Addiction Solutions with Recovery -Oriented Systems of Care
Inspired by the growing grassroots movement of people successfully recovering from addiction and mental health problems, we are beginning to see fundamental transformation in our systems of addiction and mental health service delivery. When we attempted to treat addictions, notoriously chronic by nature, using an acute care model using brief bouts of intensive specialized treatment, we often experienced frustration when our patients relapsed requiring yet another expensive bout of intensive specialized treatment.
Patients suffering from other chronic diseases like diabetes, hypertension and atherosclerotic heart disease receive stepped, longer-term disease management beginning with specialized evaluation and stabilization then shifting to community-based supportive continuing care.
Addiction treatment programs with superior outcomes engage clients for a much longer period, understanding that initial intensive treatment (diagnostic assessment, stabilization, withdrawal management, motivation/ psycho-education, medication management) is merely initiation of recovery, or the beginning of the journey.
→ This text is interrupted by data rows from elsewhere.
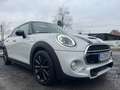 MINI Cooper SD Mini 5-trg. Cooper SD°Pano°Navi°VOLLLL Weiß - thumbnail 13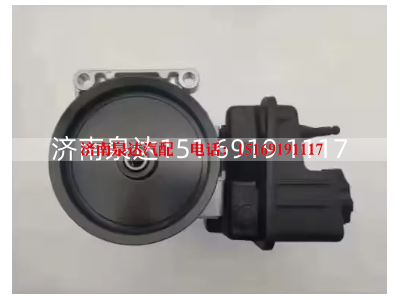 93389646,转向助力泵,济南泉达汽配有限公司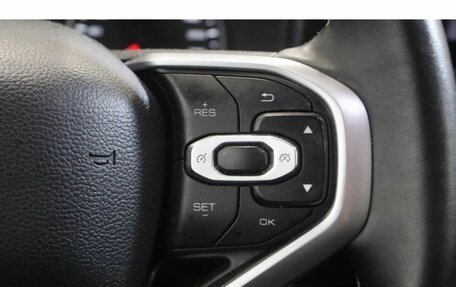 Haval Jolion, 2022 год, 1 556 000 рублей, 10 фотография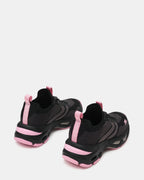 SWOOP BLACK MULTI  Famous | Online Store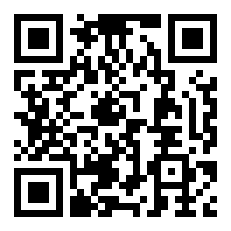 nba2k布克好用吗（2kol2布克和米切尔哪个好用）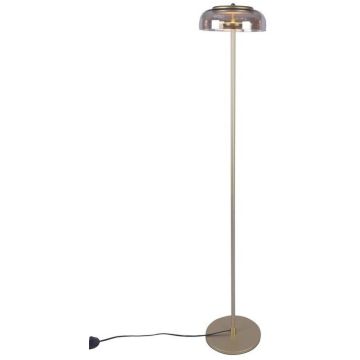 Step Into Design DISCO ST-1331-F Lampadaire 7W/LED 3000K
They engage their clients using motivational interventions, utilize community and family reinforcement techniques, assertively link their clients to mutual support groups, and arrange for monitoring using contingency management and offer family education and support programs.
What is Recovery from addiction?
If we are going to transition towards a Recovery-Oriented System of Care (ROSC) we must shift from mostly crisis oriented, deficit-focused, professionally directed treatment towards Recovery Management: stepped continuing care, client-centered, strength-based services – delivered mostly in the community. When our newly recovering clients encounter volunteer recovering peers they experience hope as they see that their own recovery is attainable along multiple pathways and that life in recovery is worth working for. Recovering volunteers and trained paraprofessional recovery coaches along with primary healthcare professionals provide long-term community-based support following a clear set of values and principles.
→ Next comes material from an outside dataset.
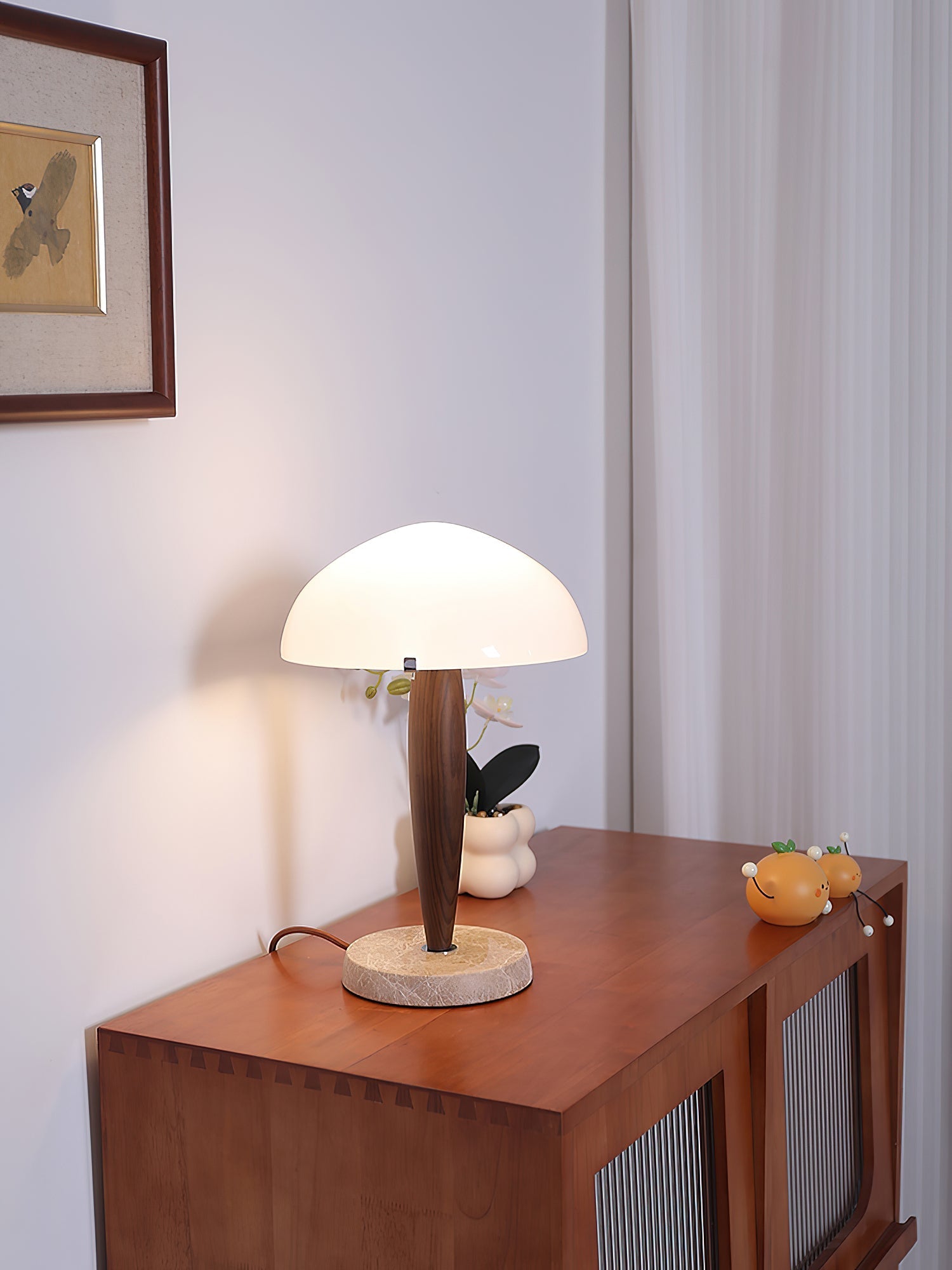 marlo-dome-table-lamp-anzaz--7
Recovery homes, schools and workplaces provide longer term supportive stability for those months of fragile early recovery.
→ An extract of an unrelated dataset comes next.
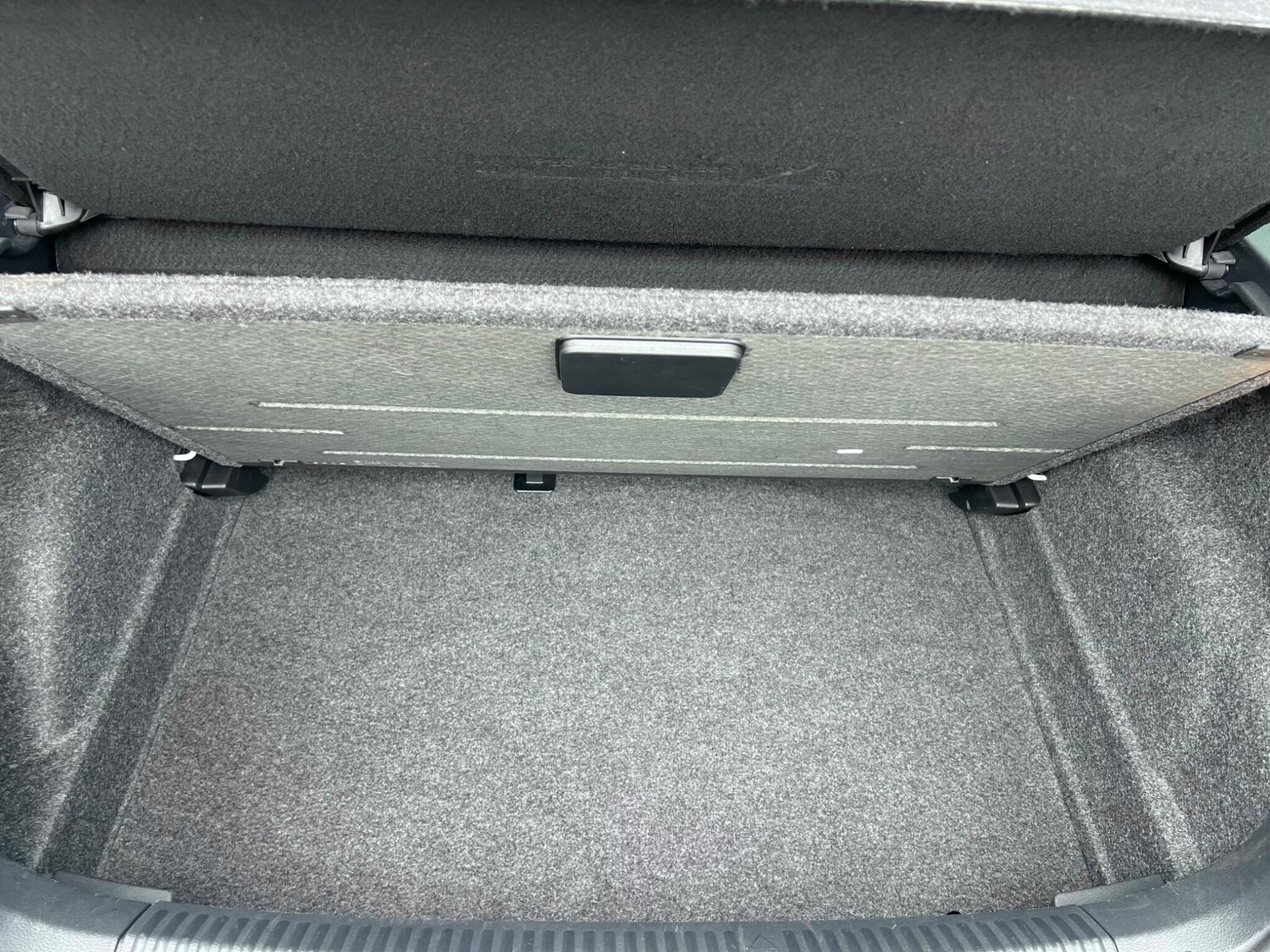 Used Volkswagen Polo 2026 for sale - 78106622: Photo 47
Relapse is interpreted as an indicator of insufficient current coping skills and community support (Recovery Capital) rather than simply patient resistance or voluntary non-compliance. Ongoing accountability and support is achieved through telephonic follow-up, online and electronic supports and recovery recheck visits with case managers and primary healthcare providers.
Making the shift to ROSC is worth the effort. Benefits are seen not only in clients and their families, but also in improved morale and performance of agency staff as they implement the principles and values of recovery.